Glossary of Supply Chain Terms "R"



R

Radio Frequency (RF): A form of wireless communications that lets users relay information via electromagnetic energy waves from a terminal to a base station which is linked, in turn, to a host computer. The terminal can be placed at a fixed station, mounted on a forklift truck, or carried in a worker's hand. The base station contains a transmitter and receiver for communication with the terminal. RF systems use either narrow-band or spread-spectrum transmissions. Narrow-band data transmissions move along a single limited radio frequency, while spread-spectrum transmissions move across several different frequencies. When combines with a bar code system of identifying inventory items, a radio frequency system can relay data instantly, thus updating inventory records in so-called real time.

Radio Frequency Identification (RFID): The use of radio frequency technology such as RFID tags and tag readers to identify objects. Objects may include virtually anything physical, such as equipment, pallets of stock, or even individual units of product.

Ramp Rate: A statement which quantifies how quickly you grow or expand an operation growth trajectory. Can refer to sales, profits, or margins.

Rationing: The allocation of product among customers, or components among manufactured goods during periods of short supply. When price is used to allocate product, it's allocated to those willing to pay the most.

Glossary of Supply Chain Terms "Q"



Q



Quality: Conformance to requirements or fitness for use. Quality can be defined through five principal approaches:
1) Transcendent quality is an ideal, a condition of excellence.
2) Product-based quality is based on a product attribute.
3) User-based quality is fitness for use.
4) Manufacturing-based quality is conformance to requirements.
5) Value-based quality is the degree of excellence to an acceptable price.
Also, quality has two major components:
a) quality of conformance - quality is defined by the absence of defects.
b) quality of design - quality is measured by the degree of customer satisfaction with a product's characteristics and features.

Glossary of Supply Chain Terms "P"



P

P & D: Pickup and delivery.


Packing List: A document containing information about the location of each Product ID in each package. It allows the recipient to quickly find the item he or she is looking for without a broad search of all packages. It also confirms the actual shipment of goods on a line item basis.

Pallet: The platform which cartons are stacked on and then used for shipment or movement as a group. Pallets may be made of wood or composite materials.

Pallet Wrapping Machine: A machine that wraps a pallet's contents in stretch-wrap to ensure safe shipment.

Parcel Shipment: Parcels include small packages like those typically handled by providers such as UPS and FedEx.

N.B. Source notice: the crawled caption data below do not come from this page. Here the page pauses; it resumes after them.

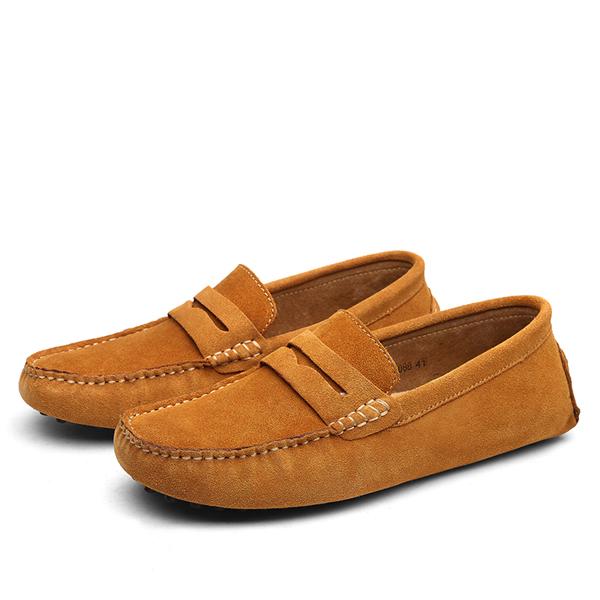 JEZRYLLE Men Casual Shoes Loafers Italian Style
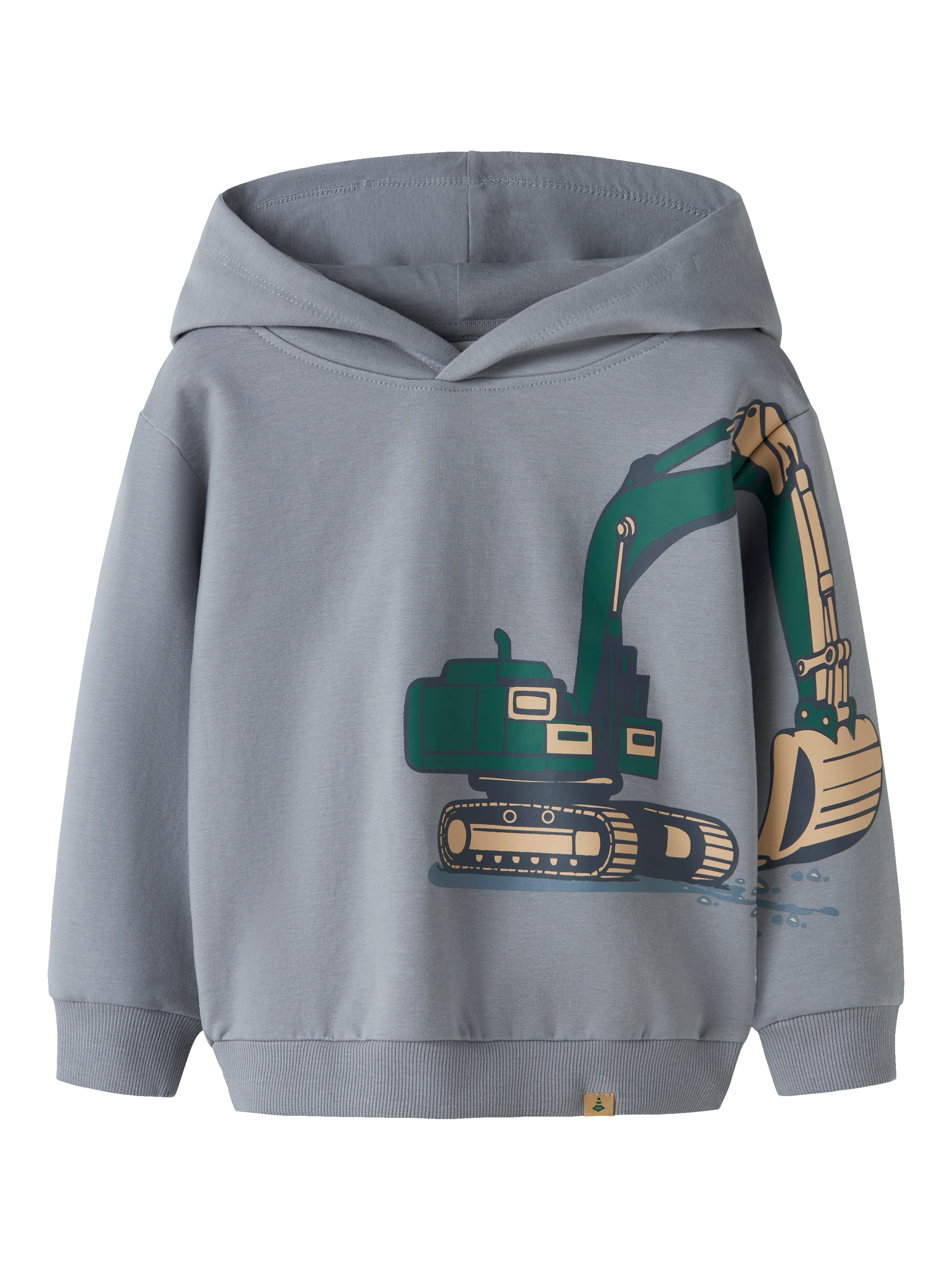 Name It Kapuzensweatshirt »NMMNERO LS NREG SWEAT WH BRU«, Baumwollmischung, regular fit
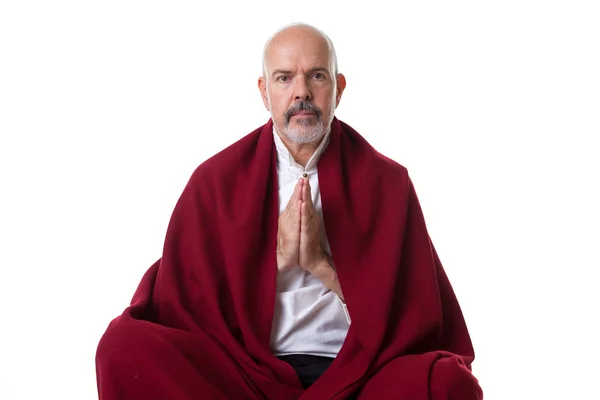 Zralý muž meditovat — Stock fotografie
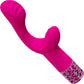 Royal Gems Majestic Rechargeable Silicone 10 Speed Dual Stimulation Vibrator - Pink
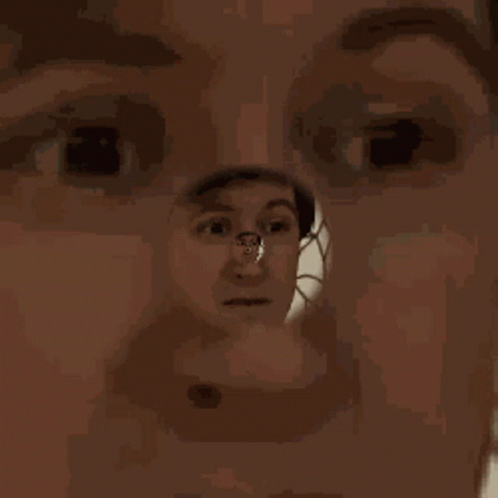 Close Up of Person's Face With Reflection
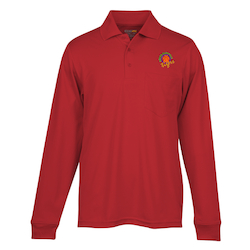 Origin LS Performance Pique Pocket Polo - Men's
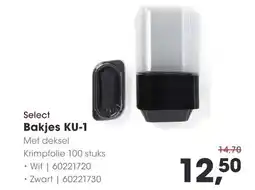 HANOS Select Bakjes KU-1 aanbieding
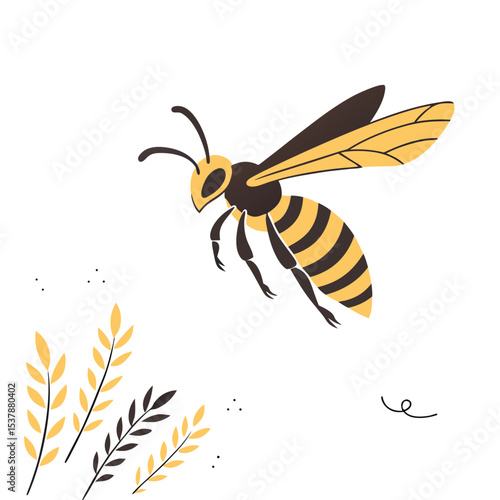bee and honey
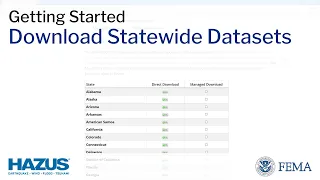 Hazus | Download Statewide Datasets
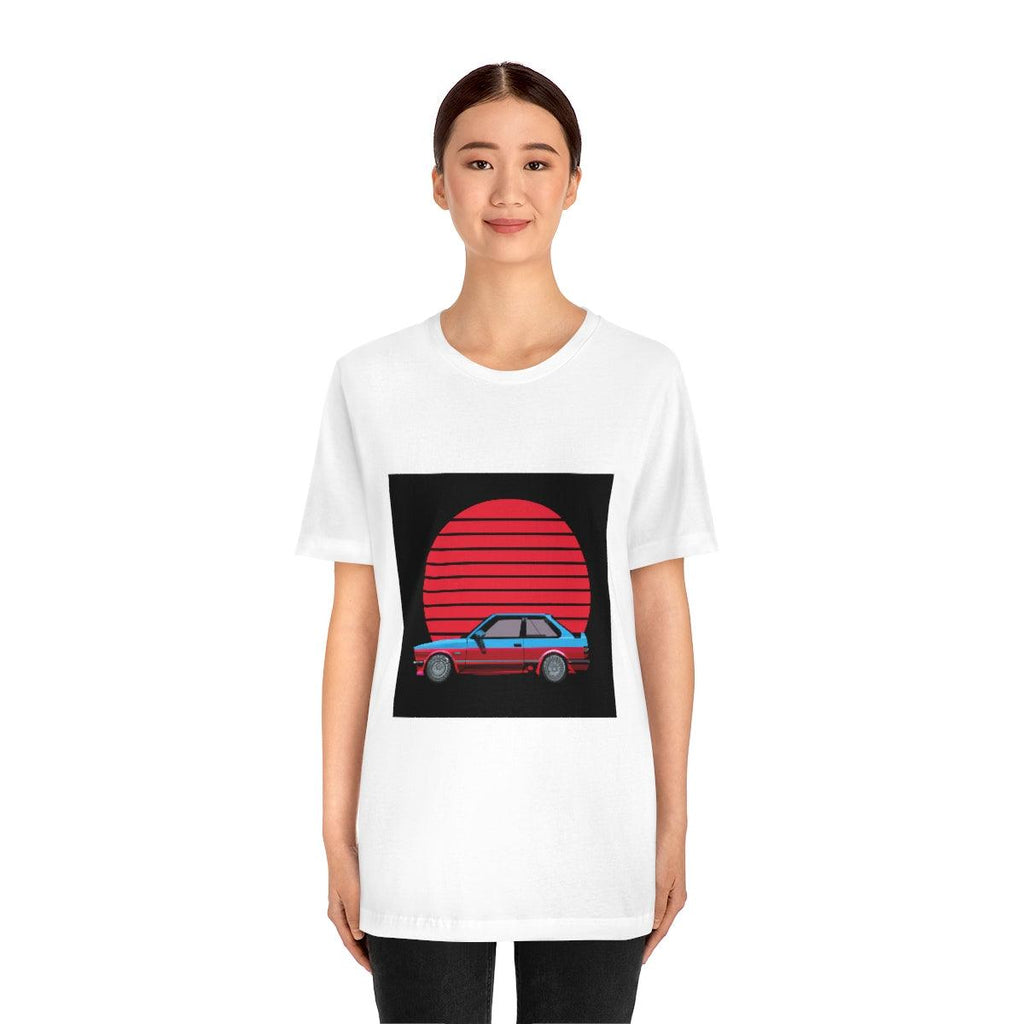 vintage style e30 2 door tshirt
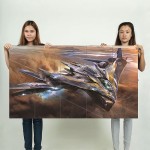 The Milano Spaceship Guardians of the Galaxy Wand-Kunstdruck Riesenposter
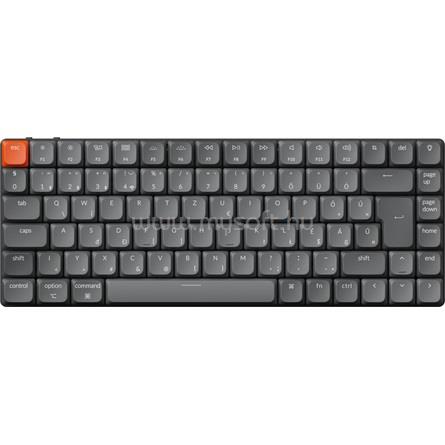 KEYCHRON K3 Max Hot Swappable RGB Red Switch vezeték nélküli billentyűzet (magyar, fekete-szürke)
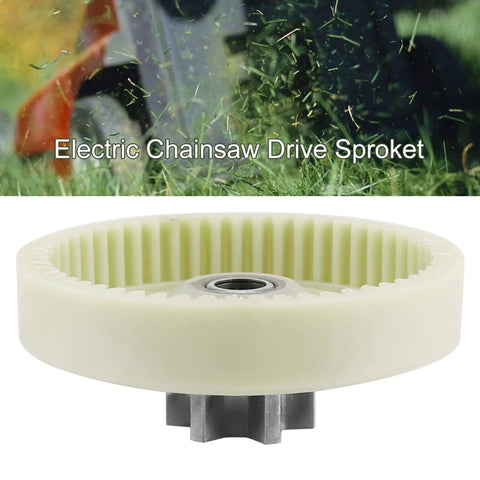 Heavy Duty Replacement Drive Gear for Plastic Electric Chainsaw with ABS Inner Sprocket fits 107713-01 and 717-04749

Glossary of Supply Chain Terms "O"



O

Obsolete Inventory: Inventory for which there is no forecast demand expected. A condition of being out of date. A loss of value occasioned by new developments that place the oldeer property at a competitive disadvantage.

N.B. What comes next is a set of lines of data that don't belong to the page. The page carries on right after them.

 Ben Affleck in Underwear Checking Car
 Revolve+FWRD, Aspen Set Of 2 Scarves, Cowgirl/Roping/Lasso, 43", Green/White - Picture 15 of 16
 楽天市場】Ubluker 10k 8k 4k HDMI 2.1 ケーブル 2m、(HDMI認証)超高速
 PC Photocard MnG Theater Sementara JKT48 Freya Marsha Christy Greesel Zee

Ocean Bill of Lading: The bill of lading issued by the ocean carrier to its customer.

Ocean Carrier: An enterprise that offers service via ocean (water) transport.


Offer: See Tender.

Offline: A computer term which describes work done outside of the computer system or outside of a main process within the corporate system.

Offshore: Utilizing an outsourcing service provider located in a country other than where the client is located.